TASK OBJECTIVE
Return all entries word for word, but drop any images.

── SUPPLIED INFORMATION

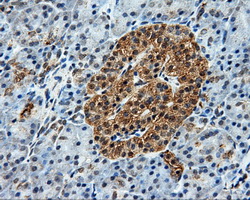 BRAF / B-Raf Antibody - Immunohistochemical staining of paraffin-embedded pancreas tissue using anti-BRAF mouse monoclonal antibody. (Dilution 1:50).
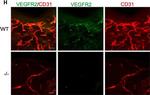 Rat IgG (H+L) Highly Cross-Adsorbed Secondary Antibody in Not Applicable (N/A)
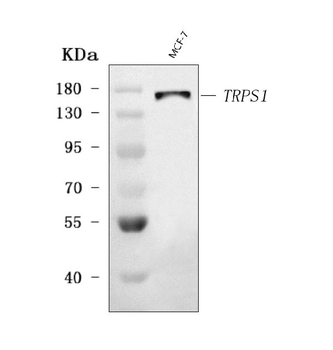 Anti-TRPS1 Antibody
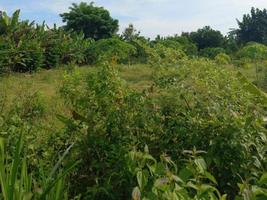 vegetación naturaleza jardín paisaje ecológico con granja, flores, sol, cascada, jardinería del día de la tierra fotografía de fondo de verano imágenes naturales foto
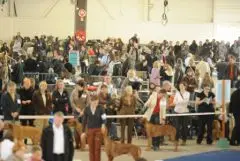 .Santvet_-_virus_et_bacteries_transmissibles_entre_chiens_en_exposition_canine_-_L._Dauvois-studio_landerie.com_2_s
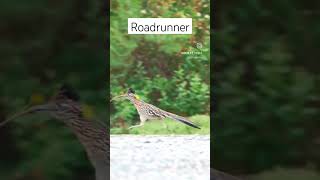 Roadrunner running away #subscribe #shorts #nature #birdsofprey #running #raptors #viral #roadrunner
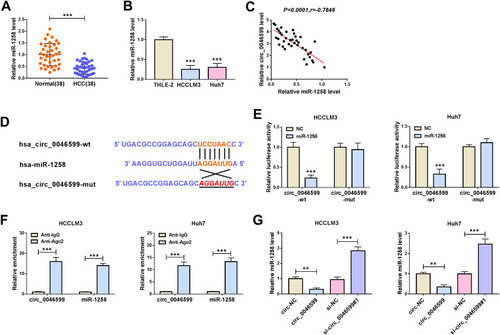 Figure 3 MiR-1258 could be targeted by circ_0046599 in HCC. QRT-PCR results revealed that miR-1258 was downregulated in HCC tissues (A) and cells (B) compared with matched controls. (C) Pearson correlation coefficient analysis was employed to analyze the correlation between circ_0046599 and miR-1258. (D) The binding and mutant sequences between circ_0046599 and miR-1258 were presented. The interaction between circ_0046599 and miR-1258 was verified by dual-luciferase reporter assay (E) and RIP assay (F). (G) QRT-PCR was used to detect miR-1258 expression in HCCLM3 and Huh cells to evaluate the effect of circ_0046599 on miR-1258 expression. **P < 0.01, ***P < 0.001.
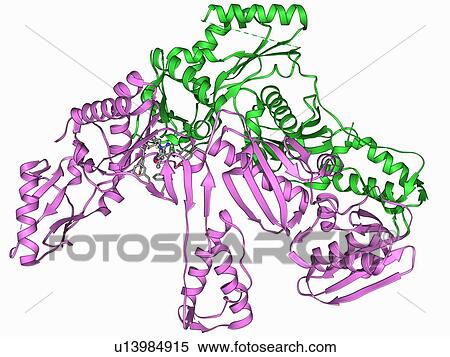 Stock Illustration - HIV reverse transcription enzyme. Fotosearch
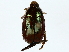  ( - BIOUG89982-B07)  @13 [ ] CreativeCommons - Attribution (2022) CBG Photography Group Centre for Biodiversity Genomics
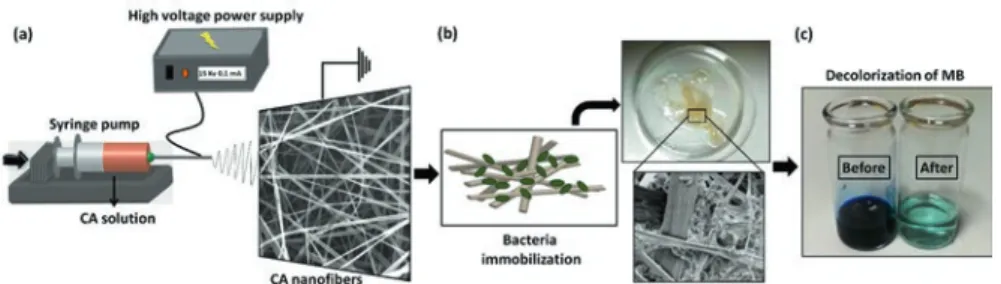 Fig. 6.10  Schematic representation of the electrospinning process for CA nanofibers, immobiliza- immobiliza-tion of bacterial cells on CA nanofibrous web, and photograph of the decolarizaimmobiliza-tion process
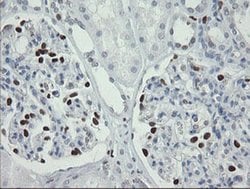 MAFB Mouse anti-Human, Clone: OTI2A6, liquid, TrueMAB 100 &mu;L; Unconjugated:Antibodies,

────

FINISHED TASK
 BRAF / B-Raf Antibody - Immunohistochemical staining of paraffin-embedded pancreas tissue using anti-BRAF mouse monoclonal antibody. (Dilution 1:50).
 Rat IgG (H+L) Highly Cross-Adsorbed Secondary Antibody in Not Applicable (N/A)
 Anti-TRPS1 Antibody
 vegetación naturaleza jardín paisaje ecológico con granja, flores, sol, cascada, jardinería del día de la tierra fotografía de fondo de verano imágenes naturales foto
 .Santvet_-_virus_et_bacteries_transmissibles_entre_chiens_en_exposition_canine_-_L._Dauvois-studio_landerie.com_2_s
 Roadrunner running away #subscribe #shorts #nature #birdsofprey #running #raptors #viral #roadrunner
 Figure 3 MiR-1258 could be targeted by circ_0046599 in HCC. QRT-PCR results revealed that miR-1258 was downregulated in HCC tissues (A) and cells (B) compared with matched controls. (C) Pearson correlation coefficient analysis was employed to analyze the correlation between circ_0046599 and miR-1258. (D) The binding and mutant sequences between circ_0046599 and miR-1258 were presented. The interaction between circ_0046599 and miR-1258 was verified by dual-luciferase reporter assay (E) and RIP assay (F). (G) QRT-PCR was used to detect miR-1258 expression in HCCLM3 and Huh cells to evaluate the effect of circ_0046599 on miR-1258 expression. **P < 0.01, ***P < 0.001.
 Stock Illustration - HIV reverse transcription enzyme. Fotosearch
  ( - BIOUG89982-B07)  @13 [ ] CreativeCommons - Attribution (2022) CBG Photography Group Centre for Biodiversity Genomics
 Fig. 6.10  Schematic representation of the electrospinning process for CA nanofibers, immobiliza- immobiliza-tion of bacterial cells on CA nanofibrous web, and photograph of the decolarizaimmobiliza-tion process
 MAFB Mouse anti-Human, Clone: OTI2A6, liquid, TrueMAB 100 &mu;L; Unconjugated:Antibodies,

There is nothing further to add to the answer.